In a statement provided to WKMS, an EPA representative said utility-scale solar systems can be placed on coal ash landfills without endangering the environment.

“The most important consideration in the design and installation of a PV (photovoltaic) system on a coal ash landfill is that it be done in consultation with federal, state and local authorities and comply with applicable laws and regulations and closure, stormwater runoff, and other permitting requirements,” the statement said. “This will ensure that the PV solar design and installation appropriately considers and mitigates inherent risks.”

The Rock River Solar Plant in Wisconsin and the Orlando Utility Commission’s Community Solar Plant in Florida have executed similar efforts in the last decade. Both projects sit atop coal ash landfills and anchor the solar arrays using ballasted systems to try and minimize impacts on the landfill cap.

TVA chief operating officer Bob Moul said the utility will use a “closure turf” system to cap the coal ash field during November’s board meeting, but made no mention of what sort of structure would be used for the solar arrays.
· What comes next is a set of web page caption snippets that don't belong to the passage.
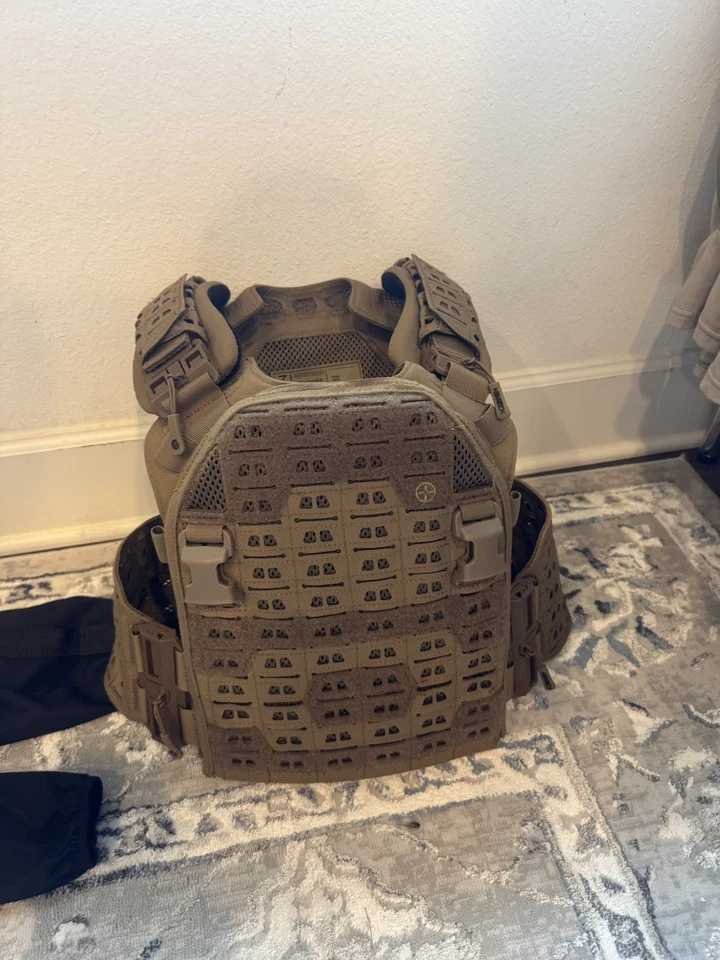 Portador de placas Novritsch 1/2 precio apenas usado-comprobar perfil para más airsoft Foto 2 de 2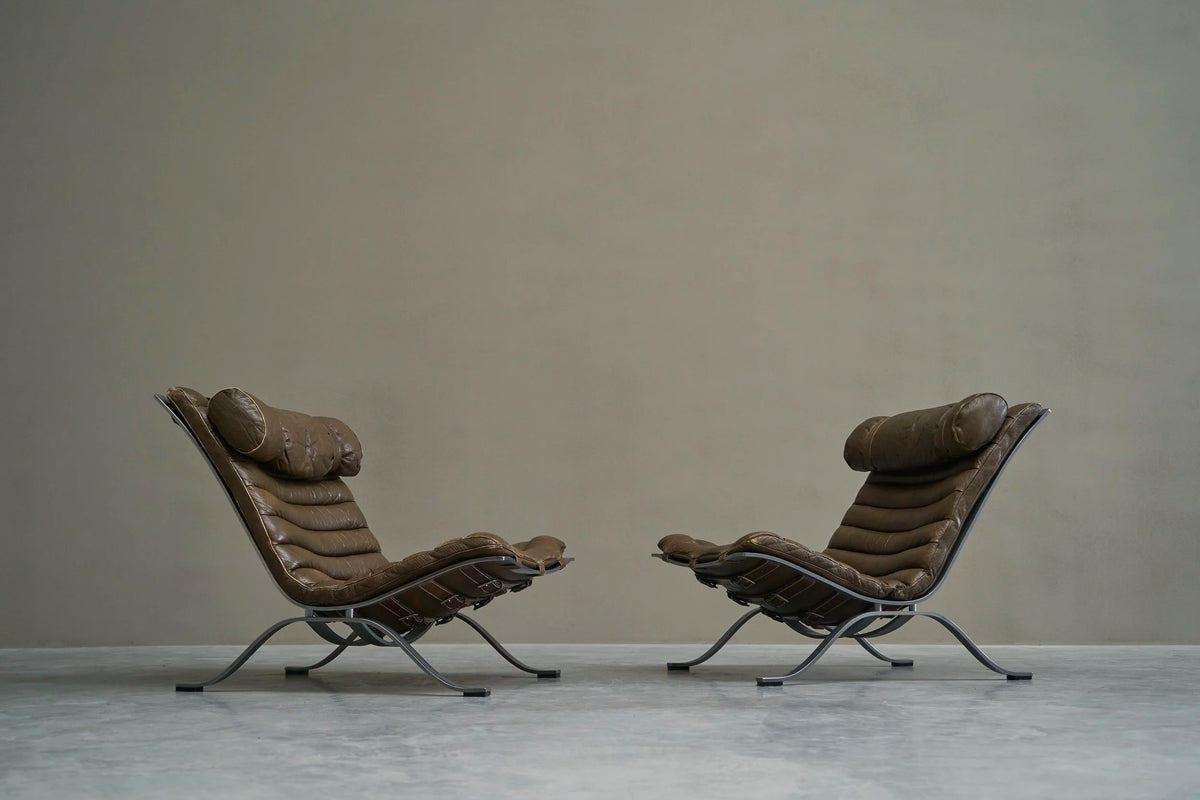 Arne Norell Pair of Ari Lounge Chairs in Steel and Patinated Leather, 1960s — alternate view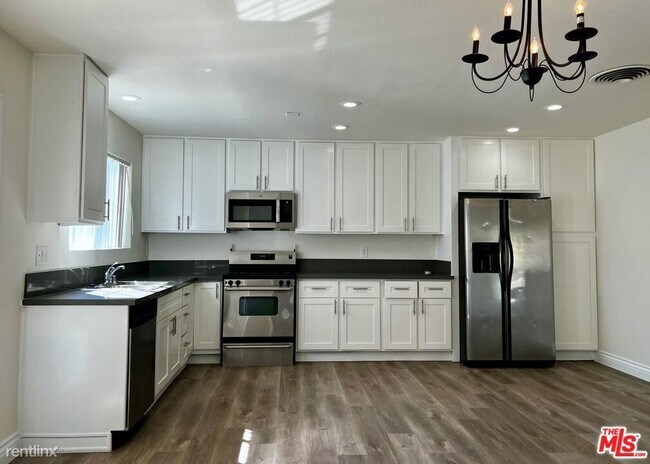 Building Photo - 5 br, 3 bath House - 13766 Paddock St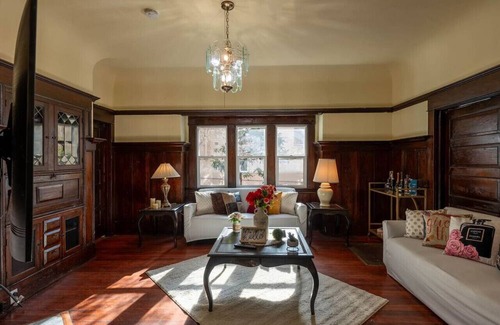 North Berkeley House | Room in Stylish Getaway w/ Outdoor Charm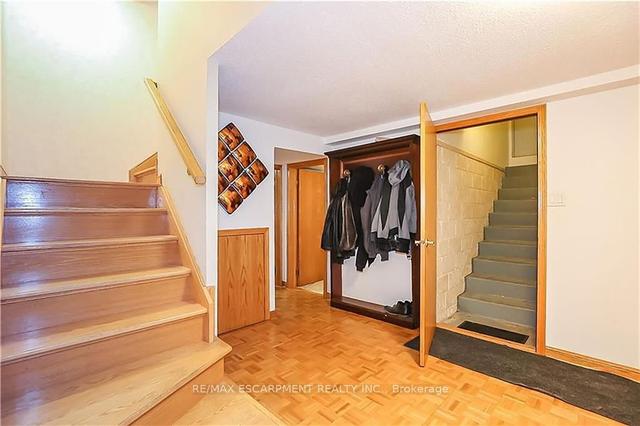 68 Montmorency Dr, House detached with 4 bedrooms, 4 bathrooms and 4 parking in Hamilton ON | Image 22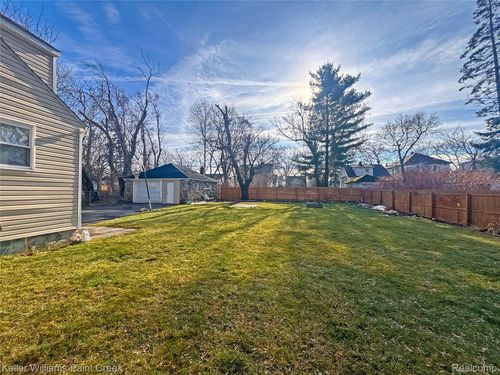 78 E Strathmore Ave, Pontiac, MI, 48340-2764 | Card Image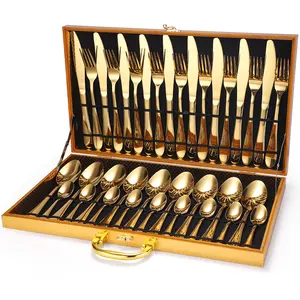 Diskon Besar 36 buah Set peralatan makan baja tahan karat emas dengan kotak kayu untuk hadiah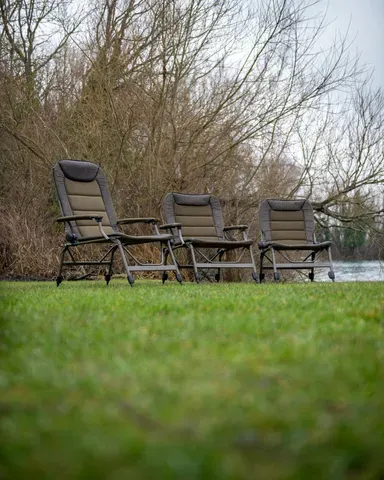 Fox Voyager Recliner Chair 70cm 75cm 7kg Polyester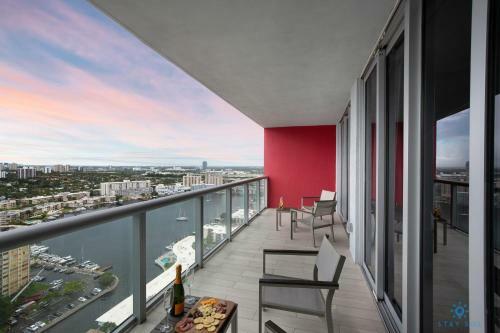 Modern Resort Balcony Endless Views Resort W 2br 2 Br Pool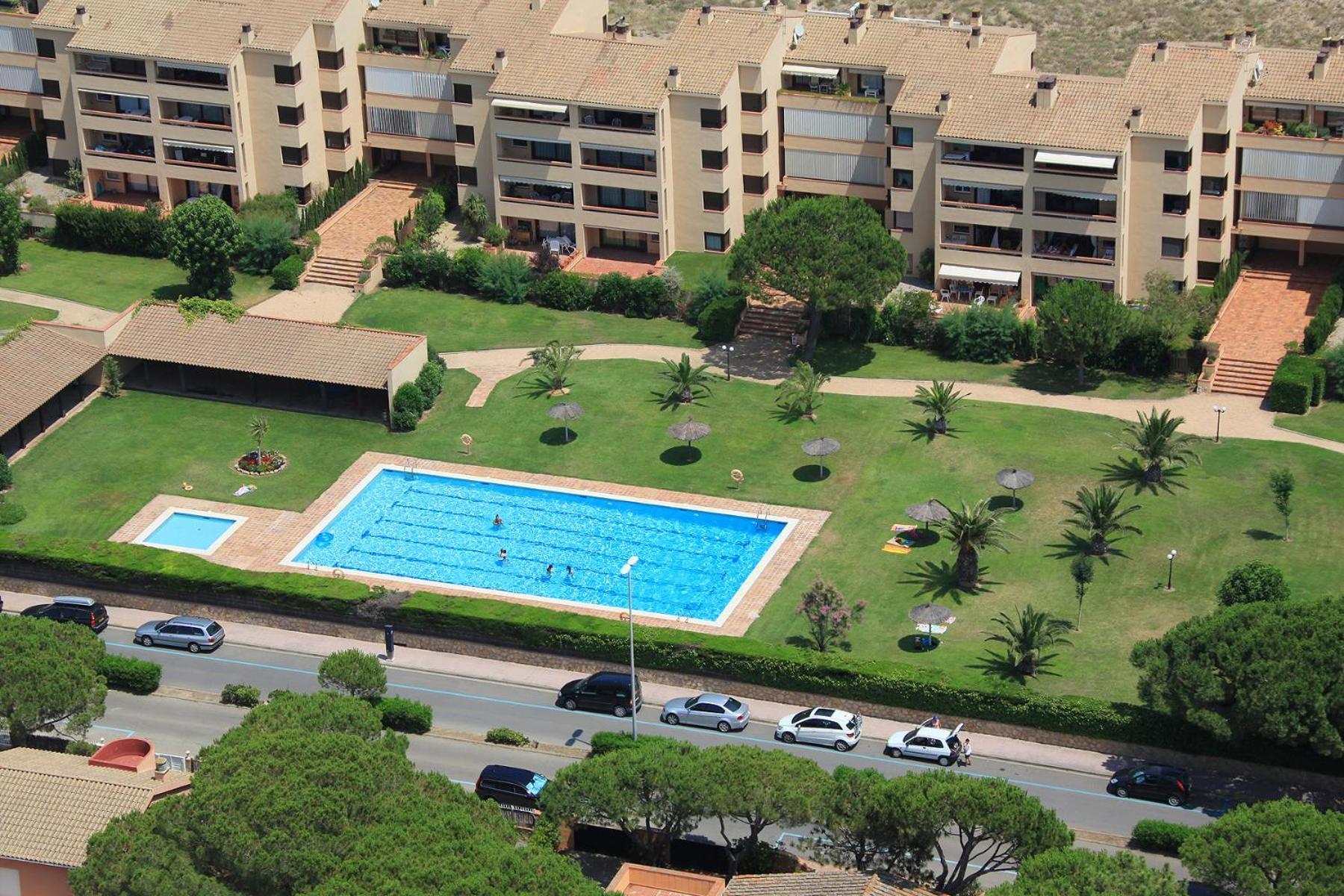 Apartaments Golf Mar Pals Bagian luar foto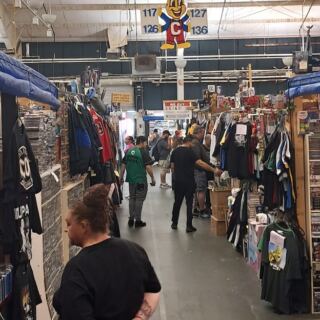 Bargain Hunters Lose Whole Saturdays at This Sprawling Massachusetts Flea Market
TVA spokesperson Scott Fiedler said the project is “closer to the starting line than we are to the finish line.”

“We've got to go through the environmental reviews and then any type of regulatory approvals, then it will move into more of a planning phase and that allows us to really dive into those numbers and figure out where this money's going but the key is that we've got the money approved we're moving forward with the project and we're bringing new life to a coal facility that you know would have just sat dormant there with an ash stack,” Fiedler said.

Moul said the project, pending environmental and regulatory reviews, could be operational in two years.